And everyone had watched Mr. Calder take the froobie, while the new kid had backed away to the other side of the schoolyard as Mr. Calder raised the yellow plastic froobie to his ear, just like the football players did when they wanted to throw footballs like grownups. But when the froobie was ready to go, bang.
And Mr. Calder was only partly left. Outside the infirmary, the strangers were still examining the area for the sprayed pieces of Mr. Calder. Lights came on, and there were television cameras, and everyone was talking about how hard it must have been on Jimmy and Kathy to see such a horrible thing at their ages, so Kathy started to cry, and since Kathy was crying and everyone said it was horrible and since Jimmy's mother was hugging him as if something horrible had happened, Jimmy started to cry, too.
"The poor babies," said someone, and Jimmy couldn't stop crying. All this over Mr. Calder, who went up like a little firecracker with some of him left.
The two agents caught the nightly news on television as they went over their day's notes. There were the two children, crying away before the television cameras. The schoolyard. And Calder's home.
"A modest home on a well-kept street," said the announcer of the local television station.

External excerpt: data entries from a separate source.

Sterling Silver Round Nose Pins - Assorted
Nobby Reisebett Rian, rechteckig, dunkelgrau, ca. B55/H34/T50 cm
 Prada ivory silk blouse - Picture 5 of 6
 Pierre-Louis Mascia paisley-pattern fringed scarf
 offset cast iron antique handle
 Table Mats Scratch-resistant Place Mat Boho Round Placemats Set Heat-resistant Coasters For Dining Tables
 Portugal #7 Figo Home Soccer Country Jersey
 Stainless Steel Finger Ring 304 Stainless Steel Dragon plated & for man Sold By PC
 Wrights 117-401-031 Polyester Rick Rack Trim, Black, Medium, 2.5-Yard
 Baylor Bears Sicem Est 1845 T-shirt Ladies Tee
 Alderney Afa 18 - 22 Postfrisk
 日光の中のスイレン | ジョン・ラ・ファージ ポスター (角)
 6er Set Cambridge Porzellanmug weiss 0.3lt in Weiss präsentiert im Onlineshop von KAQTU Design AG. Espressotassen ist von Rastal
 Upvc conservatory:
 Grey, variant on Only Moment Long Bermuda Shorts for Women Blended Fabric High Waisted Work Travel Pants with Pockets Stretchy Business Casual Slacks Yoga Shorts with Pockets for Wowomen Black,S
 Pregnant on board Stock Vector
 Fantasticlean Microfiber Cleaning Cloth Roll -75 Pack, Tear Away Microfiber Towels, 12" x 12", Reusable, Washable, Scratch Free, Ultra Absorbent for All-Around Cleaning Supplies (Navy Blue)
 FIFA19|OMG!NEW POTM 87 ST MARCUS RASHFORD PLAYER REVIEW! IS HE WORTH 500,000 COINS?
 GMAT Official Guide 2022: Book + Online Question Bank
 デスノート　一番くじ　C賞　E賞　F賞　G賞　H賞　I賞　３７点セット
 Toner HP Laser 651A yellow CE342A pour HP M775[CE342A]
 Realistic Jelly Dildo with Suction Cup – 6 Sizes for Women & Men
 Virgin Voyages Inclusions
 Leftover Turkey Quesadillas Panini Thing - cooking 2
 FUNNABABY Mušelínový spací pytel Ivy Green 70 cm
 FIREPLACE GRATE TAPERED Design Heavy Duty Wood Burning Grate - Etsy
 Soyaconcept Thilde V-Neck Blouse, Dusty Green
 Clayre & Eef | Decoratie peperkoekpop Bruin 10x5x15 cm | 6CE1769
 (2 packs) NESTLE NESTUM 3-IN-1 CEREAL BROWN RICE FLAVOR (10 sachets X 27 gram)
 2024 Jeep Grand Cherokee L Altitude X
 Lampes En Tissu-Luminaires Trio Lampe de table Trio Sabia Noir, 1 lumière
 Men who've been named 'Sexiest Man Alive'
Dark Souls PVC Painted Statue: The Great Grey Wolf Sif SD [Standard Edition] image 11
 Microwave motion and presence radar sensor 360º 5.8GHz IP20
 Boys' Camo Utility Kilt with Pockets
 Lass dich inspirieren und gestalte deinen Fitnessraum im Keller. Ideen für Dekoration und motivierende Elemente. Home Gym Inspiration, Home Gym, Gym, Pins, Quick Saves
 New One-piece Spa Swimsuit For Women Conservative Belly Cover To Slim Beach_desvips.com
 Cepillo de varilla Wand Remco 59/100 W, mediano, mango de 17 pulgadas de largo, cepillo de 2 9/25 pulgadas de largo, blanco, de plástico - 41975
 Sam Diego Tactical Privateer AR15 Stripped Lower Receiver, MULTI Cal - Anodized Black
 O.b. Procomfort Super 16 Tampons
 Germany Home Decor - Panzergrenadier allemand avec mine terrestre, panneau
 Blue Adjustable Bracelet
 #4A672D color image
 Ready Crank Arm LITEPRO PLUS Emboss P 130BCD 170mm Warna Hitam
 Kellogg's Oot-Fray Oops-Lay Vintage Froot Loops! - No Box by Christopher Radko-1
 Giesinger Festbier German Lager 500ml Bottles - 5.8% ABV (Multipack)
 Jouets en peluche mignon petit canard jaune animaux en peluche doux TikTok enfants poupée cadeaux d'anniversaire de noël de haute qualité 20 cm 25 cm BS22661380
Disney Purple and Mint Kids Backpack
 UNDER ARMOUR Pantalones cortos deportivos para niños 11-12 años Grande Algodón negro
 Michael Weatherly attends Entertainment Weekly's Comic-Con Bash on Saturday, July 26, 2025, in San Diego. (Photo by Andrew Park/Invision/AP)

"Well kept, you can bet," said the agent who had questioned the children. "We had both sides and the front of the house covered. And the backyard neighbor was a retired Marine." He blew air out of his mouth and went over the notes. Somehow, apparently in the children's toy, a bomb had been smuggled in. But then why did Calder play with it? How had it happened that a child hadn't grabbed it first and blown himself up, instead of Calder?
How did anyone even know the subject was in Fairview? He had changed his name to Calder when his children were only babies, so they never knew his real name. No one at the factory where he was assistant purchasing agent knew his name. The agent at the plant had kept an eye on that.